Stworzył by Ci się niezwykle świeży w kolorystyce zakątek.
Ja w tym roku też stosuję hydrożel do doniczek, ale tylko do doniczek, bo do gruntu to jest jednak droga sprawa.
Bogusiu, ja wrócę do twojej rabaty z irgami. Także widziałabym na niej hortensje i drzewko o purpurowych liściach. KLon palmowy może być, oczywiście. Moje palmowe dobrze rosną, nie wymarzają itd., ale czytam, że ludzie mają jednak z nimi kłopoty. Poza tym, gdybyś kupiła niski egzemplarz (czyli tańszy), hortensje by go zarosły, nie miałby szans wychylić spoza nich nosa. Chyba żeby kupić od razu duży okaz. Ale wtedy może się gorzej przyjąć. A co byś powiedziała o buku pendula pupurowym? Są o wiele tańsze i od razu wysokie?
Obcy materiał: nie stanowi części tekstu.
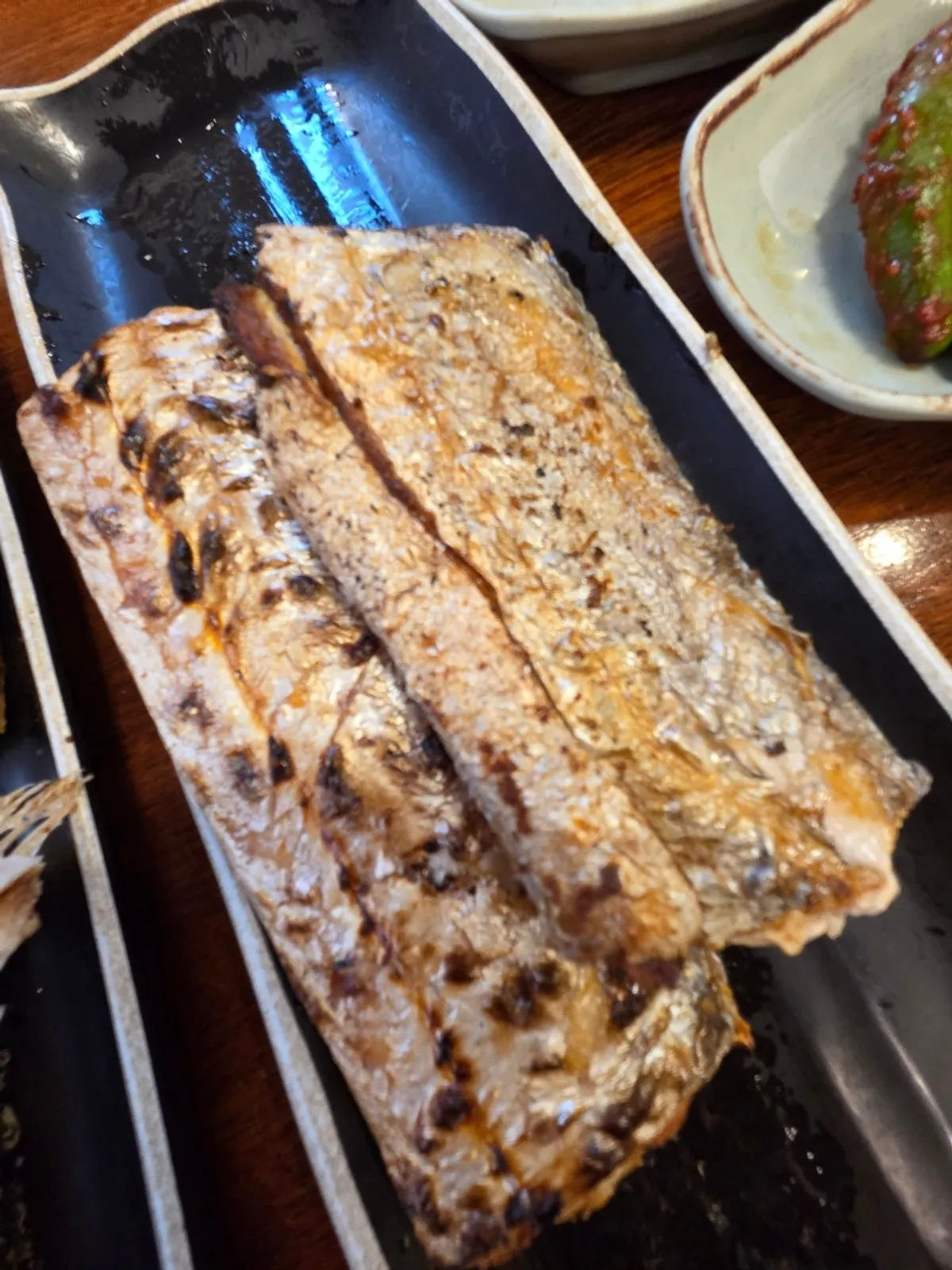 A whole grilled hairtail with silvery skin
Doczekać się nie mogę Twojej dostawy z K. i widoku zamówionych roślin oraz finalnego efektu po posadzeniu
Jesteś zadowolona z dzisiejszego szkółkingu? Kupiłaś coś u mnie?
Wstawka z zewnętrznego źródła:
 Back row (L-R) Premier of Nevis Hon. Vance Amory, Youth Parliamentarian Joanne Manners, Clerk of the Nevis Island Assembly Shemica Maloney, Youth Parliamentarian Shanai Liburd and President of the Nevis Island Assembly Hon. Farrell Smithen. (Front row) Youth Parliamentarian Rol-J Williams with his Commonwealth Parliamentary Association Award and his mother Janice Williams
Aguniu, jestem bardzo zadowolona i zrujnowana. Z tego powodu nic nie kupiłam już u Ciebie. Ale te klony chodzą mi po głowie, może jutro bladym świtem obskoczę targ w Tarczynie i podjadę do Kani. Jest tylko jednen problem, tam gdzie ewentualnie mógłby rosnąć ten klon, (choć marzy mi się i zielony i bordowy) rośnie migdałek dość ładny i dorodny, ale on w sumie jest ładny tylko przez chwilę. Potem to cięcie i zapobiebaniu chorobom grzybowym, na które jest podatny już nie jest fajne. A gdyby go przesadzić? Zauważyłam, że bardzo mocno po szkółkach grasują architekci, móstwo roślin powiązanych kokardkami. U Ciebie były piękne i dorodne pierisy - uwielbiam je i wszystkie były powiązane kokardkami. Aguś a tę słynną brązową hortensję kupiłaś właśnie u nich? Wandziu i ja bardzo rozważam zakup tego hydrożelu, bo na jednej stronie musiałam w zeszłym roku 2 razy dziennie podlewać pelargonie, a to dość męczące jest. Tylko zdradź mi proszę gdzie kupiłaś ten hydrożel i jaki to jest rząd pieniążków. Madziu, tak właśnie chodzi o takie coś, co mogłoby nam zaoszczędzić nieco dźwigania ciężkich konewek z wodą do tarasowych.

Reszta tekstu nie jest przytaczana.